EXECUTIVE COMMUNICATIONS • SPEECHWRITING • STORYTELLING PROCESS

The Strange Work of Making Someone Sound Like Themselves

How high-stakes speeches are built from pressure, subtraction, rehearsal, and voice.

A man stands in an orange maze beside a microphone, holding a page as a bright doorway opens ahead.

Deep Dive

7 min read


Three months into the job, Hubert Southall opened his calendar and saw the problem before he had language for it. There was another leadership talk coming. Then another. Then another. The organization had moved from occasional all-hands meetings and quarterly AMAs to a weekly cadence of senior-leader presentations. Vice presidents, distinguished engineers, and directors were expected to show up more often, speak more directly, and help remote teams feel closer to the people making decisions.

The intention was sound. The operating reality was not.

He was the only internal communications person in the organization. The role itself was still being defined. He was already handling the loose weather system of executive work: six-page proposals, PRFAQs, white papers, compliance reports, town hall scripts, leadership narratives, and the sudden writing emergencies that appear around senior people with little time and large audiences.

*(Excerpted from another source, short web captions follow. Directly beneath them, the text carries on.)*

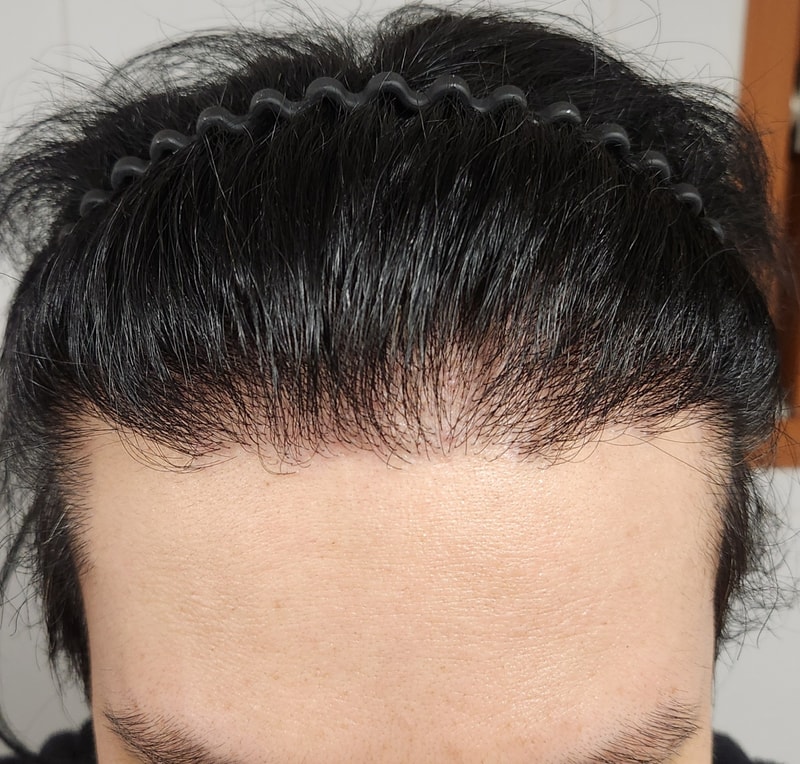 1000052535.jpg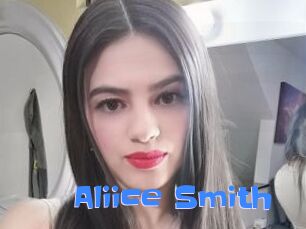 Aliice_Smith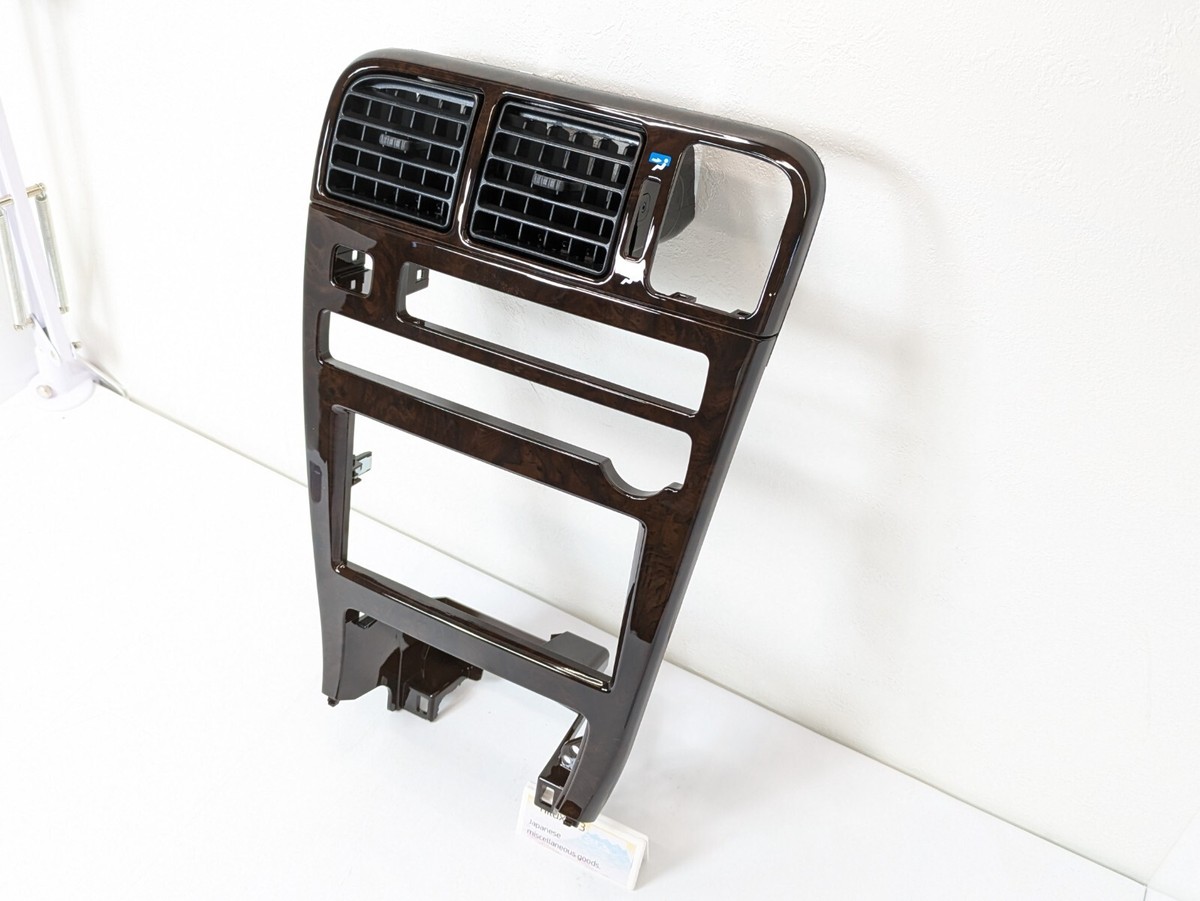 #1111ページ　　2点 s-l1200.jpg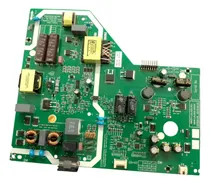 Comprar Placa Fonte Philco Ptv55q20snbl 5844-l5la50-w000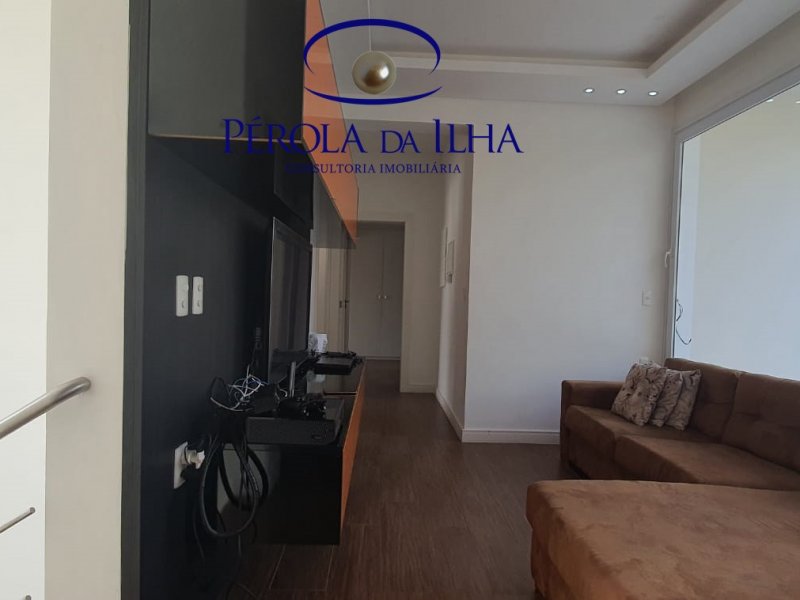 Casa de condomínio à venda Cacupe com 408m² e 4 quartos por R$ 2.980.000 - 569193294-whatsapp-image-2021-07-12-at-16.jpeg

Now every week required a polished, useful, visually engaging, one-hour leadership session. The talks would be recorded and archived. A confused talk would not end when the meeting ended. It would remain available, as evidence.

The first speaker sent over what looked like a responsible amount of material, which is to say far too much of it. There was an old deck, a strategy document, a page of metrics, a few pet points from stakeholders, a paragraph that sounded important because it had survived several revisions, and a list of things “we should probably mention.”

People stand among scattered microphones while paper and voices seem to pour through a giant hourglass.

This was the moment the central failure mode of executive communication became visible.

Completeness is a seductive failure.

It feels like rigor. It looks like preparation. It reassures every stakeholder that their concern has been represented. But completeness is often the enemy of being understood. A speech can be full and still have no center. It can be accurate and still leave the audience with nothing they can carry away.

This was not a problem of intelligence. The leaders he worked with were rarely underprepared. They were usually overprepared. They knew the architecture of a program, the history of a decision, the risks, the metrics, the politics, and the objections. They had more than enough material. The problem was that the audience could not be expected to hold all of it.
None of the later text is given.